SIR: I was intrigued by David Norbrook’s case for Paradise Lost as a political poem (LRB, 5 June). His arguments are very different from those advanced by Tom Paulin in his introduction to the Faber Book of Political Verse – so different that I can address them without compromising my editorial function. About the anthology I must remain silent, as I have done throughout this controversy. My objections to Tom Paulin’s Geoffrey Hill piece were confined to two factual points – the ‘echo’ of Yeats, which was a quotation from the Psalms, and Paulin’s inaccurate metrical analysis of Hill’s sonnet, where he imputed metrical monotony to lines whose metre was demonstrably varied. It was Tom Paulin who chose to present my intervention in these diversionary terms: I have made two catastrophic errors about Geoffrey Hill’s poetry but Craig Raine doesn’t like my anthology of political verse. For similar reasons, ‘metre’ later became ‘diction’ as the correspondence progressed.
David Norbrook is cool and logical enough to see my objection to his first point, which concerns the ‘republican assertiveness’ of Paradise Lost’s ‘very metrics’. There is, of course, no avoiding Milton’s description: ‘an example set, the first in English, of ancient liberty recovered to Heroic Poem from the troublesome and modern bondage of rhyming’. Clearly, there may be a cryptic innuendo here, but the passage in its entirety is aesthetic and not political.

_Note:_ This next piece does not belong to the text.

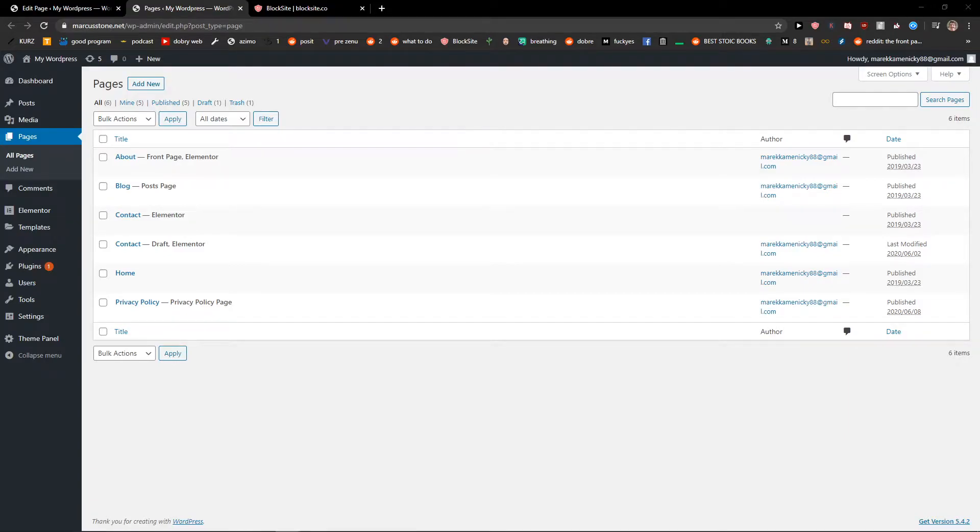Welcome everybody, my name is Marcus Stone and in this video I will show you how we can easily add additional user profile fields in WordPress registration. So let's start.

Even were the point conceded, there is still a distinction to be observed between Milton’s republican intent and the actual status of blank verse. It is a subtle distinction, admittedly, but crude distinctions can’t have things their own way all the time. Milton, David Norbrook insists, wants rhyme to be ‘a symbol for all the irrational and luxurious panoply of monarchy and aristocratic and ecclesiastical hierarchies that had gradually weighted down the political forms of the Roman republic and which the English Revolution had begun to sweep away’ – but is it? And is that all? What, one wonders, does it do with all its spare time? Torture radical activists? According to Milton himself, rhyme sets off ‘wretched matter and lame Meter’, when it isn’t vexing, hindering and constraining poets to ‘express many things otherwise, and for the most part worse than else they would have exprest them’. When it isn’t working overtime for Mr Norbrook, then, it is evidently into bondage of a purely literary kind.
And is blank verse a symbol of all things opposite to the ‘luxurious panoply of monarchy and aristocratic and ecclesiastical hierarchies’? After all, the Spaniards and the Italians had ‘rejected Rime both in longer and shorter Works’ without reference to their political situation or its improvement. And aren’t the ‘best English Tragedies’, cited with approval by Milton, somewhat problematically heterogeneous in this symbolic context? It cannot be true that the ‘very metrics’ of Paradise Lost are assertively republican. Intrinsically, blank verse is neutral, like ink or paper. As Milton’s own examples show, its affiliations are promiscuous.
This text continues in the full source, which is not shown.